### PROMPT
The data should be restated word for word, in full.

### RECORDS SUPPLIED
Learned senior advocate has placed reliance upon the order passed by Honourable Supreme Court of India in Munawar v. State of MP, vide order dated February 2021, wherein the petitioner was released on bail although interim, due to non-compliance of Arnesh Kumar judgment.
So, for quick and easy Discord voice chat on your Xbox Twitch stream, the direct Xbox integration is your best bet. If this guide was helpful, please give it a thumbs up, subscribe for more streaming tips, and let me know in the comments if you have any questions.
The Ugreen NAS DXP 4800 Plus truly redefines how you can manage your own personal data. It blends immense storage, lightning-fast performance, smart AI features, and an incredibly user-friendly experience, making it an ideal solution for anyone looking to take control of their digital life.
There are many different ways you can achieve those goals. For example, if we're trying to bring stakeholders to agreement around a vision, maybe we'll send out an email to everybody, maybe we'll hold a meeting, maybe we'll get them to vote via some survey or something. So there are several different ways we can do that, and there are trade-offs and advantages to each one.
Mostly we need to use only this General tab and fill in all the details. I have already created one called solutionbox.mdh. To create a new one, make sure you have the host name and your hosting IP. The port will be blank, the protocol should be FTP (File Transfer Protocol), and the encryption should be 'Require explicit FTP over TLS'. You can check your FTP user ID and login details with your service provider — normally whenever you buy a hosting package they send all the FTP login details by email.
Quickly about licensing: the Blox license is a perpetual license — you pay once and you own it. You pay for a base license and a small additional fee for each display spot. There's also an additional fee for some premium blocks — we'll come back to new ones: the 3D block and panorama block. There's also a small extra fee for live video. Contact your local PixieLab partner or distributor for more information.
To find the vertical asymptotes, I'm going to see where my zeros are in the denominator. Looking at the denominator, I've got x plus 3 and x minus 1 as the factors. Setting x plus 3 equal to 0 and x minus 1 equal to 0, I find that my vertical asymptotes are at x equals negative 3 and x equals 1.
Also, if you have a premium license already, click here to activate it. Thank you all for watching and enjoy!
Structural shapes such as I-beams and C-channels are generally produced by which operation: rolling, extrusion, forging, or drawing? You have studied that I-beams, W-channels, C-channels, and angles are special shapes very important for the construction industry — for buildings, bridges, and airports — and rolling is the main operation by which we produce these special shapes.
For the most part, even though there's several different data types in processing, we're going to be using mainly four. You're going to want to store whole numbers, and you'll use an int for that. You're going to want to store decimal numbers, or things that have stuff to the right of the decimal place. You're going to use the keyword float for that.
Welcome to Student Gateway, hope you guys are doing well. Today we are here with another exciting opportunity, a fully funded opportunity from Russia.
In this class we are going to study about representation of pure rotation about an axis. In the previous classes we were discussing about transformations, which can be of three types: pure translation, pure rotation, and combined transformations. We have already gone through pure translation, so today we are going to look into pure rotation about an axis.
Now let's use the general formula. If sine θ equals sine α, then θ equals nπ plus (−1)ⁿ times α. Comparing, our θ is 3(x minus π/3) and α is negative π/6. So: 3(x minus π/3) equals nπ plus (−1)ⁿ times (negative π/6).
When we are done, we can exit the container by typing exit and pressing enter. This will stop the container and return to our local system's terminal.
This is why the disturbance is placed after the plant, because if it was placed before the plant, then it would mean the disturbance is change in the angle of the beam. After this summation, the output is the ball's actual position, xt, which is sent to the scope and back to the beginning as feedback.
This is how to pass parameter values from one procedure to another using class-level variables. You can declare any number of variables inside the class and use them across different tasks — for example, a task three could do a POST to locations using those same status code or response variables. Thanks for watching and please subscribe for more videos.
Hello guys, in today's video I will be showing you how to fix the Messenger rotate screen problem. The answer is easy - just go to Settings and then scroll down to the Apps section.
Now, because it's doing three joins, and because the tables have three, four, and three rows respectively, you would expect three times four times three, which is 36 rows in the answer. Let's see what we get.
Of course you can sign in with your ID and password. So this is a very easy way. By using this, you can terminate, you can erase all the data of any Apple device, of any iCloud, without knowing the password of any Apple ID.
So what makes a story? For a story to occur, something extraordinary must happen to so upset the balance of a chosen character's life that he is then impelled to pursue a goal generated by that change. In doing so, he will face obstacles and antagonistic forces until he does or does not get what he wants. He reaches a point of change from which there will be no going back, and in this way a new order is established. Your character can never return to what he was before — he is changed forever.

### YOUR SOLUTION
Learned senior advocate has placed reliance upon the order passed by Honourable Supreme Court of India in Munawar v. State of MP, vide order dated February 2021, wherein the petitioner was released on bail although interim, due to non-compliance of Arnesh Kumar judgment.
So, for quick and easy Discord voice chat on your Xbox Twitch stream, the direct Xbox integration is your best bet. If this guide was helpful, please give it a thumbs up, subscribe for more streaming tips, and let me know in the comments if you have any questions.
The Ugreen NAS DXP 4800 Plus truly redefines how you can manage your own personal data. It blends immense storage, lightning-fast performance, smart AI features, and an incredibly user-friendly experience, making it an ideal solution for anyone looking to take control of their digital life.
There are many different ways you can achieve those goals. For example, if we're trying to bring stakeholders to agreement around a vision, maybe we'll send out an email to everybody, maybe we'll hold a meeting, maybe we'll get them to vote via some survey or something. So there are several different ways we can do that, and there are trade-offs and advantages to each one.
Mostly we need to use only this General tab and fill in all the details. I have already created one called solutionbox.mdh. To create a new one, make sure you have the host name and your hosting IP. The port will be blank, the protocol should be FTP (File Transfer Protocol), and the encryption should be 'Require explicit FTP over TLS'. You can check your FTP user ID and login details with your service provider — normally whenever you buy a hosting package they send all the FTP login details by email.
Quickly about licensing: the Blox license is a perpetual license — you pay once and you own it. You pay for a base license and a small additional fee for each display spot. There's also an additional fee for some premium blocks — we'll come back to new ones: the 3D block and panorama block. There's also a small extra fee for live video. Contact your local PixieLab partner or distributor for more information.
To find the vertical asymptotes, I'm going to see where my zeros are in the denominator. Looking at the denominator, I've got x plus 3 and x minus 1 as the factors. Setting x plus 3 equal to 0 and x minus 1 equal to 0, I find that my vertical asymptotes are at x equals negative 3 and x equals 1.
Also, if you have a premium license already, click here to activate it. Thank you all for watching and enjoy!
Structural shapes such as I-beams and C-channels are generally produced by which operation: rolling, extrusion, forging, or drawing? You have studied that I-beams, W-channels, C-channels, and angles are special shapes very important for the construction industry — for buildings, bridges, and airports — and rolling is the main operation by which we produce these special shapes.
For the most part, even though there's several different data types in processing, we're going to be using mainly four. You're going to want to store whole numbers, and you'll use an int for that. You're going to want to store decimal numbers, or things that have stuff to the right of the decimal place. You're going to use the keyword float for that.
Welcome to Student Gateway, hope you guys are doing well. Today we are here with another exciting opportunity, a fully funded opportunity from Russia.
In this class we are going to study about representation of pure rotation about an axis. In the previous classes we were discussing about transformations, which can be of three types: pure translation, pure rotation, and combined transformations. We have already gone through pure translation, so today we are going to look into pure rotation about an axis.
Now let's use the general formula. If sine θ equals sine α, then θ equals nπ plus (−1)ⁿ times α. Comparing, our θ is 3(x minus π/3) and α is negative π/6. So: 3(x minus π/3) equals nπ plus (−1)ⁿ times (negative π/6).
When we are done, we can exit the container by typing exit and pressing enter. This will stop the container and return to our local system's terminal.
This is why the disturbance is placed after the plant, because if it was placed before the plant, then it would mean the disturbance is change in the angle of the beam. After this summation, the output is the ball's actual position, xt, which is sent to the scope and back to the beginning as feedback.
This is how to pass parameter values from one procedure to another using class-level variables. You can declare any number of variables inside the class and use them across different tasks — for example, a task three could do a POST to locations using those same status code or response variables. Thanks for watching and please subscribe for more videos.
Hello guys, in today's video I will be showing you how to fix the Messenger rotate screen problem. The answer is easy - just go to Settings and then scroll down to the Apps section.
Now, because it's doing three joins, and because the tables have three, four, and three rows respectively, you would expect three times four times three, which is 36 rows in the answer. Let's see what we get.
Of course you can sign in with your ID and password. So this is a very easy way. By using this, you can terminate, you can erase all the data of any Apple device, of any iCloud, without knowing the password of any Apple ID.
So what makes a story? For a story to occur, something extraordinary must happen to so upset the balance of a chosen character's life that he is then impelled to pursue a goal generated by that change. In doing so, he will face obstacles and antagonistic forces until he does or does not get what he wants. He reaches a point of change from which there will be no going back, and in this way a new order is established. Your character can never return to what he was before — he is changed forever.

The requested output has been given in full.